Normal/Gaussian Data
Let’s suppose the standard deviation or variance is known and we’re only interested in learning about the mean. This is the situation that often arises in monitoring industrial production processes. $$ X_i \sim N(\mu, \sigma^2) $$ It turns out that the Normal distribution is conjugate for itself when looking for the mean parameter
Prior $$ \mu \sim N(m_0,S_0^2) $$
$$ f(\mu |x ) \propto f(x|\mu)f(\mu) $$
$$ \mu | x \sim N(\frac{n\bar{x}/\sigma_0^2 + m_0/s_0^2}{n/\sigma_0^2 + 1/s_0^2}, \frac{1}{n/\sigma_0^2 + 1/s_0^2}) $$
Let’s look at the posterior mean $$ posterior_{mean} = \frac{n/\sigma_0^2}{n/\sigma_0^2 + 1/s_0^2}\bar{x} + \frac{1/s_0^2}{n/\sigma_0^2 + 1/s_0^2} $$
$$ posterior_{mean} = \frac{n}{n + \sigma_0^2/s_0^2}\bar{x} + \frac{\sigma_0^2/s_0^2}{n + \sigma_0^2/s_0^2} $$
Thus we see, that the posterior mean is a weighted average of the prior mean and the data mean. And indeed that the effective sample size for this prior is the ratio of the variance for the data to the variance in the prior.
This makes sense, because the larger the variance of the prior, the less information that’s in it.
The marginal distribution for Y is $$ N(m_0, s_0^2 + \sigma^2) $$
When $\mu$ and $\sigma^2$ is unknown
$$ X_i | \mu, \sigma^2 \sim N(\mu, \sigma^2) $$
A prior from $\mu$ conditional on the value for $\sigma^2$ $$ \mu | \sigma^2 \sim N(m, \frac{\sigma^2}{w}) $$ $w$ is going to be the ratio of $\sigma^2$ and some variance for the Normal distribution.
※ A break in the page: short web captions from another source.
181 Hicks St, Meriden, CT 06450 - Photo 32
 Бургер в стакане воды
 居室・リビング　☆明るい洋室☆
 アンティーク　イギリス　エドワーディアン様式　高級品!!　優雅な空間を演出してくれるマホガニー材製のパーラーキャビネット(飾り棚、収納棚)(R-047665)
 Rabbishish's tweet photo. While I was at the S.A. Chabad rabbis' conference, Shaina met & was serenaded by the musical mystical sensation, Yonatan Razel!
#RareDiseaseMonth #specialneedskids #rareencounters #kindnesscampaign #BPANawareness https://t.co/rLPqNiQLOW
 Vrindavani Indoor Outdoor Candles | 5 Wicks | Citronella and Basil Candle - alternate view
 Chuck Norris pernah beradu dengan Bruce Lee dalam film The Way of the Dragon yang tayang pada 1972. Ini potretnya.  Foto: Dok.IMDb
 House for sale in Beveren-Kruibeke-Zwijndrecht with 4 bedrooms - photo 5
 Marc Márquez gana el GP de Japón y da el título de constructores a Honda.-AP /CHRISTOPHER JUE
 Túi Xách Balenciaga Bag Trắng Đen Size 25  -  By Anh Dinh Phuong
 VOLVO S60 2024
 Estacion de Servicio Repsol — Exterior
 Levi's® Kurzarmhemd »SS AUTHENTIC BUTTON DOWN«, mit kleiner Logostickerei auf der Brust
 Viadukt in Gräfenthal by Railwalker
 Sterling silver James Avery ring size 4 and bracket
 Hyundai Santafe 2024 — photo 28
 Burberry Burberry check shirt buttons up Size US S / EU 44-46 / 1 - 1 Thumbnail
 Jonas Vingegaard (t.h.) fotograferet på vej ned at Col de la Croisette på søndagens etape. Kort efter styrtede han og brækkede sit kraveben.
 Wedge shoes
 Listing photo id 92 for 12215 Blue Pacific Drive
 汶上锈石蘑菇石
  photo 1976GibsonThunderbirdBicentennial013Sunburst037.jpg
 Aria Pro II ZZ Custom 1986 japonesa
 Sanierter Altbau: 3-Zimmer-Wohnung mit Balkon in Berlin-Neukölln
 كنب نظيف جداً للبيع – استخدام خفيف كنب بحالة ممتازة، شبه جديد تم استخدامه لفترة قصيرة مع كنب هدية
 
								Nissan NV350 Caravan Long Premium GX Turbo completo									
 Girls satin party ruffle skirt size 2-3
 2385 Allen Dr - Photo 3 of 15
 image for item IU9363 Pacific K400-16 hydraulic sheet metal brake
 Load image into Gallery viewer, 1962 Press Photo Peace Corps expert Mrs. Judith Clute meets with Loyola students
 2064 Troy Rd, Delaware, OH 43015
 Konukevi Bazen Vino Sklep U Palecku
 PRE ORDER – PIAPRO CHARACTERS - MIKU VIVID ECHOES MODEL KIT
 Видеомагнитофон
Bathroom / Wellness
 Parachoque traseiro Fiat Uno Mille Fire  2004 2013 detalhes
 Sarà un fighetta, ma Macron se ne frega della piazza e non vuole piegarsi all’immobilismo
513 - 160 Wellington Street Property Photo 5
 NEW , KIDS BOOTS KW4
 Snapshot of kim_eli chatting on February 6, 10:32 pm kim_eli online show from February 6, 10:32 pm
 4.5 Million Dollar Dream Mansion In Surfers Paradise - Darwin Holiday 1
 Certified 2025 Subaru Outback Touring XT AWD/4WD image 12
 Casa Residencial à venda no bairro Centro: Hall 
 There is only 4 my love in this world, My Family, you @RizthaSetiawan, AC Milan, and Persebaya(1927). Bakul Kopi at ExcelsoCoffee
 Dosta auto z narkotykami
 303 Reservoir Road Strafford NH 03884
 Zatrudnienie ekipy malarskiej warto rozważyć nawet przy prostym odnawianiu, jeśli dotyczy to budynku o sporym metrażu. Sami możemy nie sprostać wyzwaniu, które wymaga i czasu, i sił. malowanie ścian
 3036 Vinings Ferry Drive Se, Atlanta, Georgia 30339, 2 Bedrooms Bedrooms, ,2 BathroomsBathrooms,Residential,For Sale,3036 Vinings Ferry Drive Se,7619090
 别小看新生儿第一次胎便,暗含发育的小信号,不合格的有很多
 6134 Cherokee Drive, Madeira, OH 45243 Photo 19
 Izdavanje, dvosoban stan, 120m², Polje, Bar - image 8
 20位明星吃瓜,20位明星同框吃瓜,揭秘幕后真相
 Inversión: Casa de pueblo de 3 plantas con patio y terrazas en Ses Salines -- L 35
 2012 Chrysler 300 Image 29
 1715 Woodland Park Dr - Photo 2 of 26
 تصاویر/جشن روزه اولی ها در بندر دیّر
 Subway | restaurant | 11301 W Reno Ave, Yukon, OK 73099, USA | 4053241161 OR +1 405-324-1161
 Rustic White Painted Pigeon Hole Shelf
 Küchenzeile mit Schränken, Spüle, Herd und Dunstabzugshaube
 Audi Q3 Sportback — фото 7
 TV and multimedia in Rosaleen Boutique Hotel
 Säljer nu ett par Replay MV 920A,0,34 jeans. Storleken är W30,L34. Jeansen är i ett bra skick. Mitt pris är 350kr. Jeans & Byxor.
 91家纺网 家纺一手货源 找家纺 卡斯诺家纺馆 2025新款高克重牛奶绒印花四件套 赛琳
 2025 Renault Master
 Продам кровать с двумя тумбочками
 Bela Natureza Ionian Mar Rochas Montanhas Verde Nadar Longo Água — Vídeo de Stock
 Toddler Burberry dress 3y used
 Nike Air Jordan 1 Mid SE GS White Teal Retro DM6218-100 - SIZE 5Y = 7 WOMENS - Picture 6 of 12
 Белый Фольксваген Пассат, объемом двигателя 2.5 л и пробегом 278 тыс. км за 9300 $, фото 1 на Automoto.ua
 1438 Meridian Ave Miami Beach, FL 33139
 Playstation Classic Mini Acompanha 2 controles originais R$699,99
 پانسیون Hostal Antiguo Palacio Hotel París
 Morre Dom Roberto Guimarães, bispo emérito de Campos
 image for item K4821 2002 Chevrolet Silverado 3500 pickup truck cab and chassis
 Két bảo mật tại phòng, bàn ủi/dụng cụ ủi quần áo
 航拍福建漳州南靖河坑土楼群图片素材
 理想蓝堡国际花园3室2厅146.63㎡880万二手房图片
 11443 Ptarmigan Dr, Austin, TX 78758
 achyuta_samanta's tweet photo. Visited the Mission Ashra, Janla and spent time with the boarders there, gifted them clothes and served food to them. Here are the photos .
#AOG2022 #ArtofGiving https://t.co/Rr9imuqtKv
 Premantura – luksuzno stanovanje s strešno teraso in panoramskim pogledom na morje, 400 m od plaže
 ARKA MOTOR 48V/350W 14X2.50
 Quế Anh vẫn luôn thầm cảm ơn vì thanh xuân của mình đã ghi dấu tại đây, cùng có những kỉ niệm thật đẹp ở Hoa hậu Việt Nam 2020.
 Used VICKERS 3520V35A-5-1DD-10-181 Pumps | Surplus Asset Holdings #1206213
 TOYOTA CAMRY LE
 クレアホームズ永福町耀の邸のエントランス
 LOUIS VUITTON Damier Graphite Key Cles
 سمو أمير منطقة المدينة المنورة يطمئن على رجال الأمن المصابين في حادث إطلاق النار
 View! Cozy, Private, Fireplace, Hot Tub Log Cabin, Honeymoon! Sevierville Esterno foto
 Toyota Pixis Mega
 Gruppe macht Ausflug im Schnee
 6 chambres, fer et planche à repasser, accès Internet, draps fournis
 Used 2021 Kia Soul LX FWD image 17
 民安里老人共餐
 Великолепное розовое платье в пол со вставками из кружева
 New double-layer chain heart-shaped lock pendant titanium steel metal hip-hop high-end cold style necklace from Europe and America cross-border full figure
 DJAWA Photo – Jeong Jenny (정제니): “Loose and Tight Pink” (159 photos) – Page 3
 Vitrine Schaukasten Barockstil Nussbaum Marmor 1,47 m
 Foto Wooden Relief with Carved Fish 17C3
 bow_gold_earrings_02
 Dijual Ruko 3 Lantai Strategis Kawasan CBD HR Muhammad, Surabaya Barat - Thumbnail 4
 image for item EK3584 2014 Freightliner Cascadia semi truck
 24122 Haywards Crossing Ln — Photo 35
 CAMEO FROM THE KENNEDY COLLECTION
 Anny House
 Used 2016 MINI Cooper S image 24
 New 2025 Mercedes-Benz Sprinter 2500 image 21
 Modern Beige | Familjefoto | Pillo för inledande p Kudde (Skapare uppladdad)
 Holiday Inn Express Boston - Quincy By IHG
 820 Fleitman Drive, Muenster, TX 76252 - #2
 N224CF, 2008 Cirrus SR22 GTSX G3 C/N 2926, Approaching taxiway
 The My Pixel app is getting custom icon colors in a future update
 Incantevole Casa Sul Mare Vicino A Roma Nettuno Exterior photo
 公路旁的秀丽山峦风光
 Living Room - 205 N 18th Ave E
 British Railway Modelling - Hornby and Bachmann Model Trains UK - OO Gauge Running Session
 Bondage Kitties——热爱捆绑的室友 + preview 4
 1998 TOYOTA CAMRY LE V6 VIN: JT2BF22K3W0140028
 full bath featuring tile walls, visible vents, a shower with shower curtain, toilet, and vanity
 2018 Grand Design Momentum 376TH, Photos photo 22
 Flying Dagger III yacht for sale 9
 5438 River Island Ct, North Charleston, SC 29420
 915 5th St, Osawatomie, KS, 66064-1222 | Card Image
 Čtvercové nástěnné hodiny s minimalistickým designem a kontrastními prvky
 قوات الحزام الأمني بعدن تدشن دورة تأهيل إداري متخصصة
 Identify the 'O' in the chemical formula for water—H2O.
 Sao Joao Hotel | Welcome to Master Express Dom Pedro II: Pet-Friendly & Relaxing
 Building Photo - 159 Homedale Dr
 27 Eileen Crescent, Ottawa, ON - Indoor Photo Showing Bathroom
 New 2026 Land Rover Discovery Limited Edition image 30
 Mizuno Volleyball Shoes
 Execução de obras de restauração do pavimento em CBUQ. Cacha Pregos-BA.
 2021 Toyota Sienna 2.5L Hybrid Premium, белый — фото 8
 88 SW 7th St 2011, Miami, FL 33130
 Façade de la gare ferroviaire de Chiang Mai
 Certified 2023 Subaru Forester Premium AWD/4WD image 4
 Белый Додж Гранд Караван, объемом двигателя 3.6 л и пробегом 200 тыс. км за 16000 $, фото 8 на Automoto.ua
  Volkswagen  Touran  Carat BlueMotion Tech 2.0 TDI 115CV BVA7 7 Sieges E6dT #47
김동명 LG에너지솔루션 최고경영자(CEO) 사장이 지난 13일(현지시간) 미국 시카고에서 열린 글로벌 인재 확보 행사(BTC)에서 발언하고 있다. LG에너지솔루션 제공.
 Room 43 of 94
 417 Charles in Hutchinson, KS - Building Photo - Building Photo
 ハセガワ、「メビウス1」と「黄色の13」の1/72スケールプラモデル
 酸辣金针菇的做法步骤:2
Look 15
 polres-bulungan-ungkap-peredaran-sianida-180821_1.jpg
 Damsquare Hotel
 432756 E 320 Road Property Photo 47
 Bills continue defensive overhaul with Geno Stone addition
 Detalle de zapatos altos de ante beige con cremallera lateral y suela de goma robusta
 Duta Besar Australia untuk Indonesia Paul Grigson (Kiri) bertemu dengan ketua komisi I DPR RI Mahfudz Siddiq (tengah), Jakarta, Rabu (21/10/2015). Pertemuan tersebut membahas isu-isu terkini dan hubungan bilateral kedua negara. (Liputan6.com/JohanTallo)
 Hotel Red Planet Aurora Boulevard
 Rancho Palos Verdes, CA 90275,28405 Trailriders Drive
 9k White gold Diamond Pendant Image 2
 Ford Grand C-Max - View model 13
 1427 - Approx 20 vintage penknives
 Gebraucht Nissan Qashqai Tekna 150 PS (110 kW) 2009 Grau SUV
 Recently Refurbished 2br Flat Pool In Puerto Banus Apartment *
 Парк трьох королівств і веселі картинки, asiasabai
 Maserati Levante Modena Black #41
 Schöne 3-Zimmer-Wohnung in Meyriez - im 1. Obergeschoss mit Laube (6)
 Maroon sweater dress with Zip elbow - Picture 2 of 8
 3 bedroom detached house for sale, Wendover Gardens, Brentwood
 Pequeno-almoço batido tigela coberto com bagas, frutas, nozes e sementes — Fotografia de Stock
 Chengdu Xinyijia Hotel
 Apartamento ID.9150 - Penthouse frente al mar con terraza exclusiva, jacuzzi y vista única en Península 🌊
This is the effective sample size of the prior.
Finally, the last step is to specify a prior for $\sigma^2$. The conjugate prior here is an inverse gamma distribution with parameters $\alpha$ and $\beta$. $$ \sigma^2 \sim \Gamma^{-1}(\alpha, \beta) $$ After many calculations… we get the posterior distribution $$ \sigma^2 | x \sim \Gamma^{-1}(\alpha + \frac{n}{2}, \beta + \frac{1}{2}\sum_{i = 1}^n{(x-\bar{x}^2 + \frac{nw}{2(n+2)}(\bar{x} - m)^2)}) $$
$$ \mu | \sigma^2,x \sim N(\frac{n\bar{x}+wm}{n+w}, \frac{\sigma^2}{n + w}) $$
Where the posterior mean can be written as the weighted average of the prior mean and the data mean. $$ \frac{n\bar{x}+wm}{n+w} = \frac{w}{n + w}m + \frac{n}{n + w}\bar{x} $$ In some cases, we really only care about $\mu$. We want some inference on $\mu$ and we may want it such that it doesn’t depend on $\sigma^2$. We can marginalize that $\sigma^2$ integrating it out. The posterior for $\mu$ marginally follows a $t$ distribution. $$ \mu | x \sim t $$ Similarly the posterior predictive distribution also is a $t$ distribution.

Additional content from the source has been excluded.